Classic Texts: Fiona Devine "Affluent Workers Revisited" 1992

Level:
GCSE
Board:
AQA

Last updated 18 Apr 2019

Devine carried out interviews with manual workers in the late 1980s to test ideas set out by Goldthorpe & Lockwood 20 years before.

The original "Affluent Workers" study, by Goldthorpe & Lockwood in 1969, presented the idea of a new working class that was sociologically very different from the traditional working class of previous generations. While the traditional working class was communal, interested in solidarity as a class and was critical of capitalism (and supportive of trade unions and the labour movement) they argued that new working class was quite different. This class, they suggested was much more individualistic, supportive of capitalism and aspirational for themselves and their families.

In testing these conclusions, among workers in the same town and industry, 20 years later, Devine disagreed with the conclusions from the 1960s. She dismissed the idea of a new working class - the people she interviewed had many traditional working-class values. She also found evidence of working-class people disliking aspects of capitalism. However, she did find that they no longer necessarily thought of the Labour Party or trade union movement as theirs or that they could deliver a more equal or just society.

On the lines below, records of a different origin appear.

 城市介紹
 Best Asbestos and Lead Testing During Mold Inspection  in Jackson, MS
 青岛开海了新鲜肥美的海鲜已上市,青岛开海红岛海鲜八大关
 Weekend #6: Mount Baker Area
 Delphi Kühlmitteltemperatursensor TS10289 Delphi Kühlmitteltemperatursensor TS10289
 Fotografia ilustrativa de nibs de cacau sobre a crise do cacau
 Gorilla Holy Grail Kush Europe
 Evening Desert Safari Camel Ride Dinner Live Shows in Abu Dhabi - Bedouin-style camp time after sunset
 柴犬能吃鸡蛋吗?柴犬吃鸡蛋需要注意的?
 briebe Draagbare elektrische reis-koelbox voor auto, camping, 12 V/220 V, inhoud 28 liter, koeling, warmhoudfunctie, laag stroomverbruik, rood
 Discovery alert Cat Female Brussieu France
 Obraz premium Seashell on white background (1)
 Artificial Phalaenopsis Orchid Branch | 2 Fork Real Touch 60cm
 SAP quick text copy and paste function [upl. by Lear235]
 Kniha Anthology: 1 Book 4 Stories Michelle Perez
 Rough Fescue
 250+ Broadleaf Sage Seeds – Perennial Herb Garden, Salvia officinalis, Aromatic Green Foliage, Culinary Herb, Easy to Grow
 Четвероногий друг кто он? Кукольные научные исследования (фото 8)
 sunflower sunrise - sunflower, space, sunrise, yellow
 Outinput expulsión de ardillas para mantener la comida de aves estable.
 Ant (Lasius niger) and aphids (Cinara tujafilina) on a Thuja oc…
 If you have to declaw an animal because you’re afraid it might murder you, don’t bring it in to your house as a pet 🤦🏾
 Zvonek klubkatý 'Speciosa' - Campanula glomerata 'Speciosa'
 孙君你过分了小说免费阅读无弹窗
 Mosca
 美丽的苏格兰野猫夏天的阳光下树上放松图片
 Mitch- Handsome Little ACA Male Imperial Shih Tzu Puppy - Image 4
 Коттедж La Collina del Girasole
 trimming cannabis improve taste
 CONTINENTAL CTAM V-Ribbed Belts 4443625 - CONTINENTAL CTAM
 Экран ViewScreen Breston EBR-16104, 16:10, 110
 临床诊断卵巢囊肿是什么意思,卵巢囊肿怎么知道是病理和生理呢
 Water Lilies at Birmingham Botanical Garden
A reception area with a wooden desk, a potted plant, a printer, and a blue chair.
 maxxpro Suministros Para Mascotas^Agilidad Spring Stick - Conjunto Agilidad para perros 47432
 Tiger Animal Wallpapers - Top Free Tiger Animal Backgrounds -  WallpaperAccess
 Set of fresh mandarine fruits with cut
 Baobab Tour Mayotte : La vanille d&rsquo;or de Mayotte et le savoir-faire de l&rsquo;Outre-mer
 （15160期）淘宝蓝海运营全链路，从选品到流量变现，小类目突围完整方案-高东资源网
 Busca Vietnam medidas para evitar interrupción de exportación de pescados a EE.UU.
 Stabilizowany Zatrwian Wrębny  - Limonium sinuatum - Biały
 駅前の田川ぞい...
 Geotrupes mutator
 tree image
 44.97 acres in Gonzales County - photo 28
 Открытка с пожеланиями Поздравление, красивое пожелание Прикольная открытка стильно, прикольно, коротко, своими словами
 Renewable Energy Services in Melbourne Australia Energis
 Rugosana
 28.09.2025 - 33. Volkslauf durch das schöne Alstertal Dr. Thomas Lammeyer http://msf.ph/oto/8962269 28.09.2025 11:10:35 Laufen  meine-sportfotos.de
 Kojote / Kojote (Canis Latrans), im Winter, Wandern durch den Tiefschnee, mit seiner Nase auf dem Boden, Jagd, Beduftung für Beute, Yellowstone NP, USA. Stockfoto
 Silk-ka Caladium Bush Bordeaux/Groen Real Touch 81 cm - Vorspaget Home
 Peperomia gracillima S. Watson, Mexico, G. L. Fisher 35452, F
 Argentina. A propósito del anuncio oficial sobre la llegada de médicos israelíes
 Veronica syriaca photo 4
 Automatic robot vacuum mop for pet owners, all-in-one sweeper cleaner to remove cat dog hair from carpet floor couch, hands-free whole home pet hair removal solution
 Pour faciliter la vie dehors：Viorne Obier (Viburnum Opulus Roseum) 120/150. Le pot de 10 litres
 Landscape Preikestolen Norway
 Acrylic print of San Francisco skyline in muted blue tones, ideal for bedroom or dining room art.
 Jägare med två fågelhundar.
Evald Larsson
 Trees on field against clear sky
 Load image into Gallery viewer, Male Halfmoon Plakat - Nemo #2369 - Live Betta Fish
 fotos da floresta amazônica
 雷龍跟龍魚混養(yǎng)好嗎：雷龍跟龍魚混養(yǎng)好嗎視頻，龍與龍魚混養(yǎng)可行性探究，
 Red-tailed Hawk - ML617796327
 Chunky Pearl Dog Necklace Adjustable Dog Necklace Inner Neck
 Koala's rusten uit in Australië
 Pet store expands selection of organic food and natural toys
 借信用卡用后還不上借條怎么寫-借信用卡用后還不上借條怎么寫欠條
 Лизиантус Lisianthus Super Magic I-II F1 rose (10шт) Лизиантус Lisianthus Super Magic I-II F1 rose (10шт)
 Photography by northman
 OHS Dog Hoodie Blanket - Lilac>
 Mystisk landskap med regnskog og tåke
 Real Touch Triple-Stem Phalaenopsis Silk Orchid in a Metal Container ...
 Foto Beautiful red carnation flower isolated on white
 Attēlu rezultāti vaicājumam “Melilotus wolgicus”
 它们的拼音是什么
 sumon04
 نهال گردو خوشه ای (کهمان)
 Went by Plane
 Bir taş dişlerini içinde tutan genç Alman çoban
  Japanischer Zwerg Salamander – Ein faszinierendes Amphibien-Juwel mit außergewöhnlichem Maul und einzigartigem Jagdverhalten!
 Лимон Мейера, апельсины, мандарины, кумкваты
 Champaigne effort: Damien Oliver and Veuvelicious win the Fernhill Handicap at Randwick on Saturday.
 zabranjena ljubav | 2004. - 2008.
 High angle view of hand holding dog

She also said that she did not find evidence of what Goldthorpe & Lockwood called privatised instrumentalism. She agreed that people's lives were not as communal as in previous generations, they were not as isolated and home-based as Goldthorpe & Lockwood had predicted.

She did, however, find evidence of working-class families being increasingly affluent and aspirational. They did, as Goldthorpe & Lockwood had suggested, want to "better" themselves and their families and acquire consumer goods, brands and luxury items. However, this did not mean that they were unconcerned about the welfare of others.

The idea of the affluent worker - the aspirational C2s - was important in the 1980s, partly because of Politics. C2 workers had traditionally been expected to vote Labour but many voted for Margaret Thatcher's Conservatives in the 1980s, particularly in the south-east of England. However, Fiona Devine's research suggests this was more complicated than a complete change in values and the arrival of a new working class.